For example, Apple Chief Executive Tim Cook appeared with Trump at the White House in August to announce a $600-billion U.S. spending plan to take place over four years. That was a $100-billion increase over its previously-announced program.
More to the point, however, it incorporated spending with suppliers that Apple had been working with for years. Mentioned in the news announcement was a commitment to buy cover glass for iPhones from Corning. But Corning has been supplying that glass since the first iPhone appeared in 2007. In any case, the announcement appeared to secure a commitment from Trump to exempt Apple from tariffs imposed on imported chips.
Apple’s announcement Wednesday that it will spend $30 billion to buy chips from Broadcom was similarly ambiguous. The announcement didn’t provide details about the terms of the commitment or the timing of its expenditures. I asked Apple for details and whether the deal was related to a desire to remain in Trump’s favor, but didn’t hear back.

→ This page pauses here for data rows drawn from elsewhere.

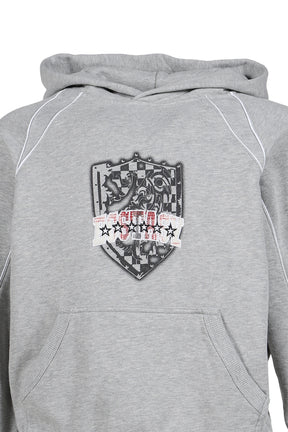 GRAY MARL ECSTASY PIPED HOODIE / GRY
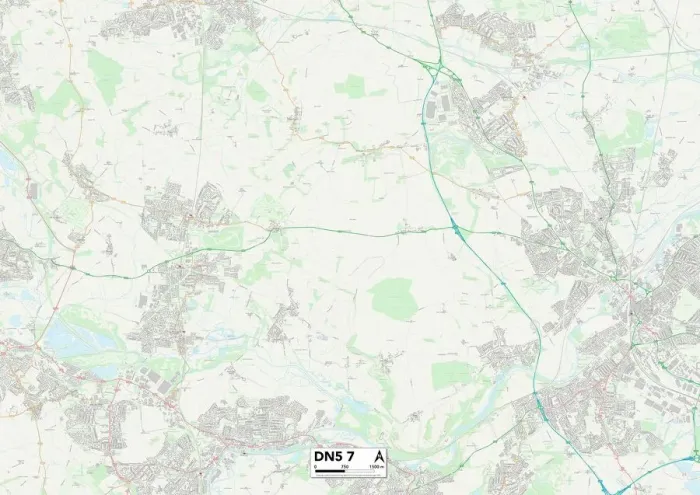Impresión enmarcada : Doncaster DN5 7 Map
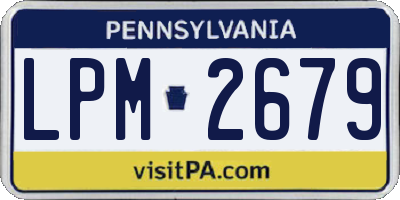 PA license plate LPM2679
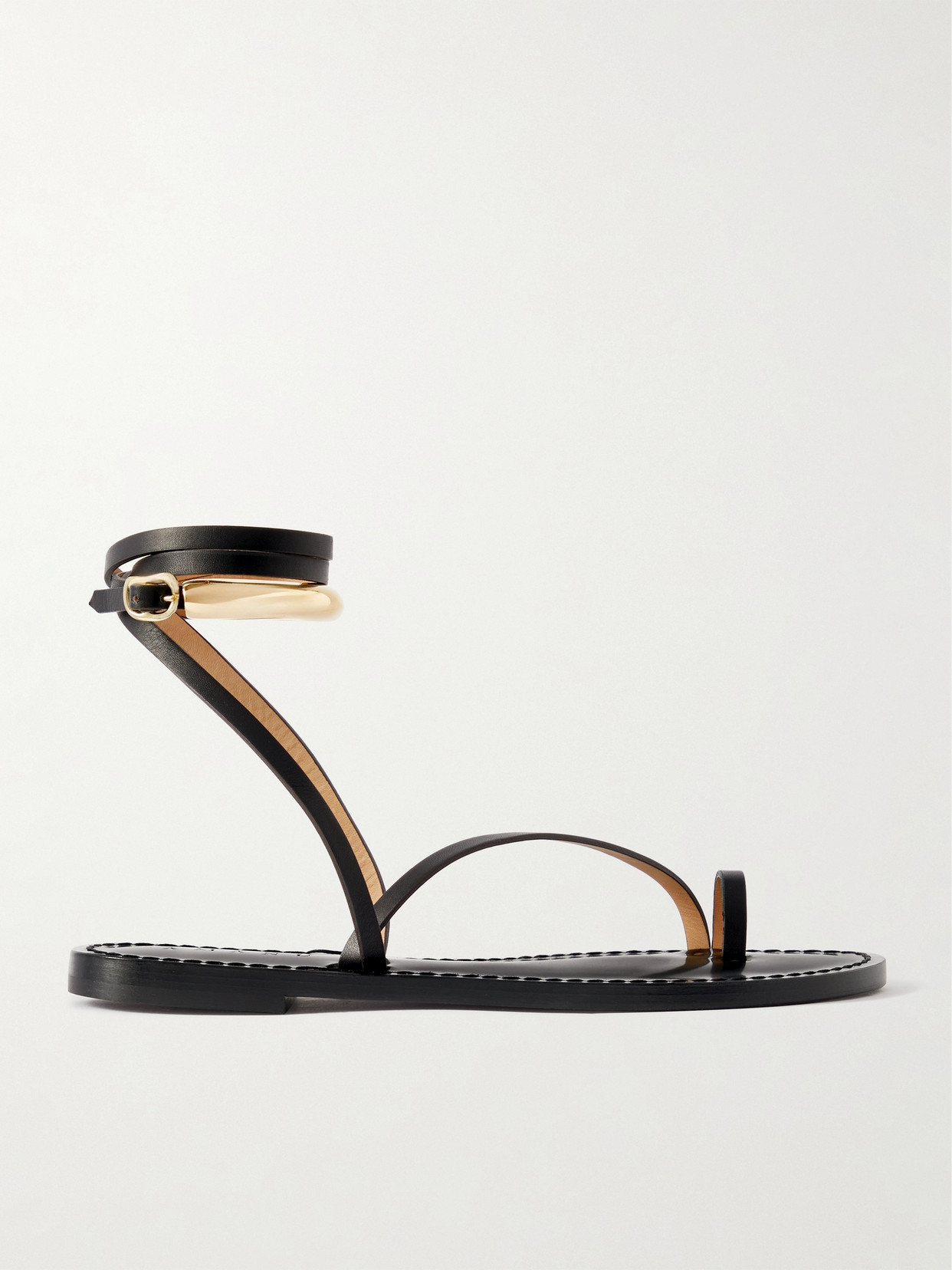 Amanu Studio The Kalahari Embellished Leather Sandals In Black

A similar phenomenon occurred during Trump’s first term; Trump had built much of his 2016 presidential campaign on a promise to increase manufacturing jobs in the United States. He blamed shrinkage in the manufacturing sector on trade agreements such as NAFTA and the policies of the Chinese, and took credit when an American manufacturer agreed to create or save jobs in the United States.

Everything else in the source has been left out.